Por ello la máxima de Einstein termina por favorecer las buenas relaciones entre las personas, porque las fundamenta entre quienes tienen un sentido amplio para su vida, entre quienes parten por tener un sólido y sano amor propio que puede desbordarse y beneficiar a los demás. Bien decía Oscar Wilde que “amarse a sí mismo es el comienzo de una aventura que dura toda la vida”.
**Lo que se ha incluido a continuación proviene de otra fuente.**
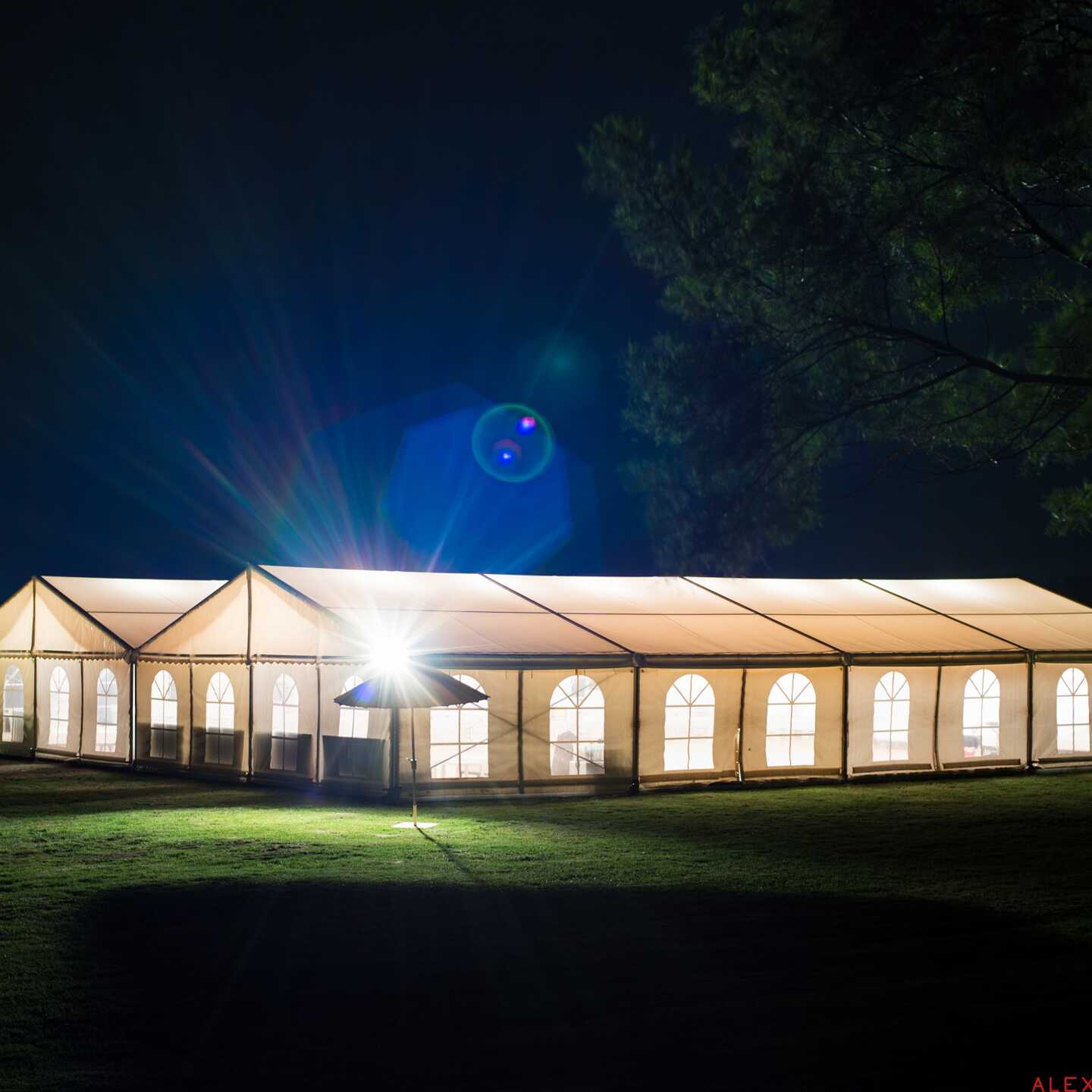 Marquee Hire | Sydney, Melbourne, Gold Coast, Brisbane & Canberra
El sentido de la vida asociado a las “cosas” es mucho más triste, porque éstas siempre debieran considerarse como un medio y no un fin en sí mismas. El éxito no se mide en términos de la acumulación de “cosas”, el éxito es una función de la “capacidad de producción” que tiene el hombre. La acumulación de cosas que no se sostiene en una sólida y calificada capacidad de producirlas, es frágil y efímera. El Valor se encuentra en quien produce, no en el producto; el mérito y la satisfacción por el hecho de “tener” se consiguen merced al proceso, al esfuerzo, la capacidad y la habilidad de generar “cosas”.
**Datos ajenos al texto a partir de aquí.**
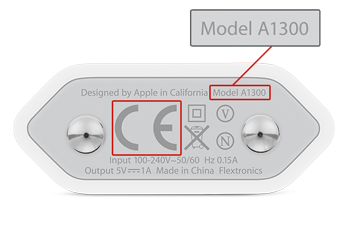 Apple 5W European USB Power Adapter Exchange Program - Apple Support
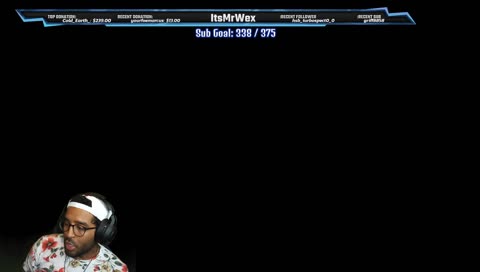 WHAT A FINE, "HOW ARE YA DOIN'?" #JankGreenScreen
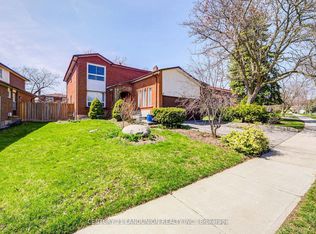 183 Willowbrook Rd, Markham, ON L3T 5L5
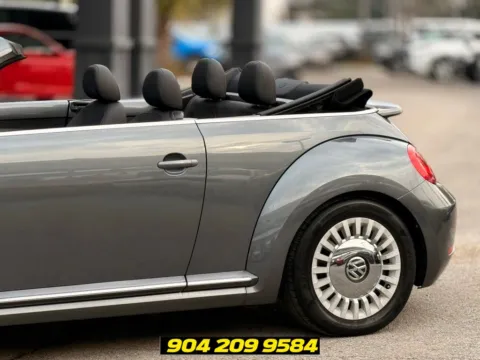 More photos of 2016 Volkswagen Beetle 1.8T S at AUTOLAND, FL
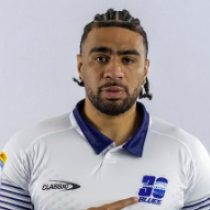 Hoskins Sotutu Blues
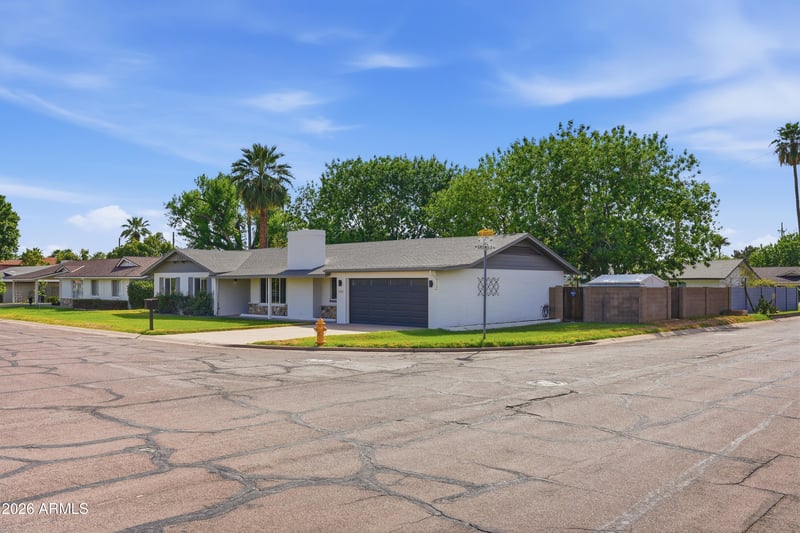 8162 N 1st Ave, Phoenix, AZ 85021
Ahora bien, no es malo “tener cosas” o aspirar a tenerlas en tanto constituyen una medida de la productividad que alcanzamos y contribuyen a la calidad de vida, pero cuando esto mismo se constituye en el objetivo de vida pierde su esencial valor, porque somete la “capacidad de producción” a criterios cuantitativos indolentes. De allí no es extraño observar vidas dispuestas a hacer “lo que sea necesario” para no perder la posibilidad de adquirir y adquirir cosas. Invariablemente esto concluye definiendo un circuito irresponsable y corrupto de vida que altera el equilibrio básico de productividad y relacionamiento con los demás.
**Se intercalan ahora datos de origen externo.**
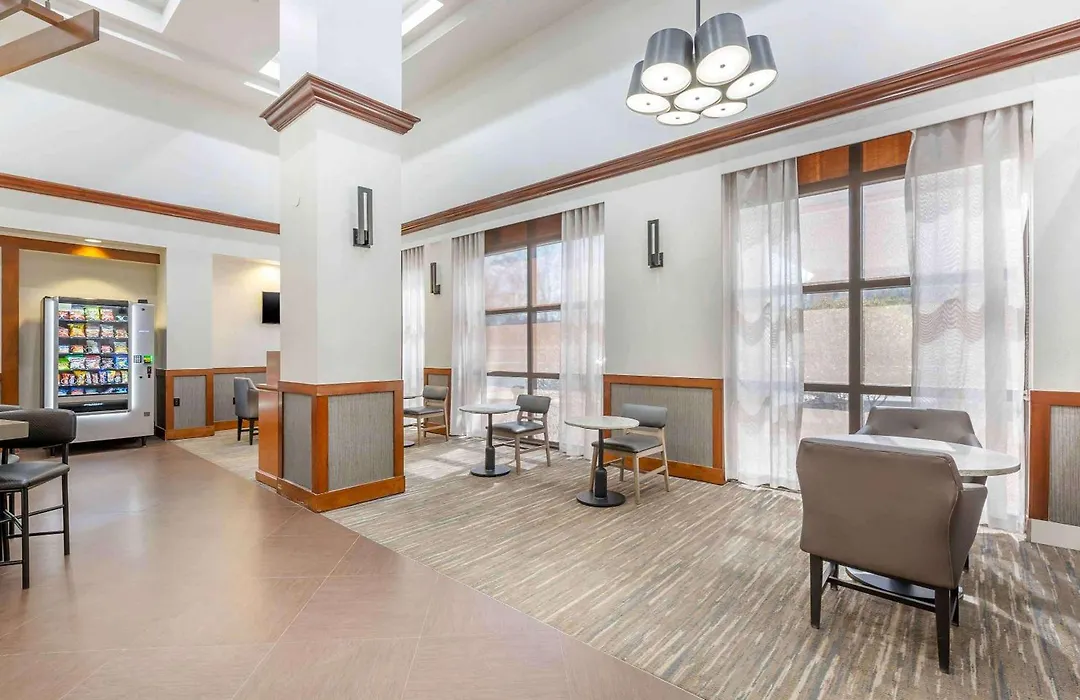 Extended Stay America Premier Suites - Pittsburgh - Cranberry Township - I-76-1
La Trascendencia es un imperativo que le está planteado al hombre como factor de distinción entre las capacidades mismas de especie; sin ella el mismo estado en el que hoy vivimos no hubiera sido posible: el progreso y el desarrollo son producto del deseo de trascender más allá de los límites que define nuestra básica condición animal. El valor de UNA vida, el milagro de existir, no puede exigir pagos menores, esto último sólo puede entenderse como el mayor acto de traición del hombre, aquél que efectúa contra su propia y esencial condición. Existen hombres que han trascendido generaciones y que han establecido hitos históricos, pero también existen aquellos que en su trascendencia han marcado UNA vida o UN momento; ambos han cumplido consigo mismos y con la humanidad. La antítesis de la Trascendencia es la Mediocridad y ella esta notablemente extendida entre aquellos que no atan su vida a un objetivo, porque probablemente la mejor definición de mediocridad no esté relacionada a lo que se ES, sino a lo que no se quiere SER. El universo inmenso de la mediocridad está compuesta, cual un cuerpo de moléculas, por un sinfín de pequeños individuos “conformistas” que inician y terminan cada milagroso día de vida siempre igual, sin penas y sin alegrías, sin victorias y sin derrotas, siempre en la comodidad oprobiosa del gris, que tan lejos se encuentra del negro como del blanco.
Quién trasciende va mas allá de sí mismo, de las personas que lo rodean y de las cosas que tiene o puede acumular, quién trasciende cumple objetivos sólidamente anclados en la profundidad del tiempo, de esta manera manifiesta su fe por el porvenir , lo que de hecho constituye una oda a la vida.
Curiosamente son estas mismas personas las que más alegría dan a quienes están cerca y más cosas terminan por acumular.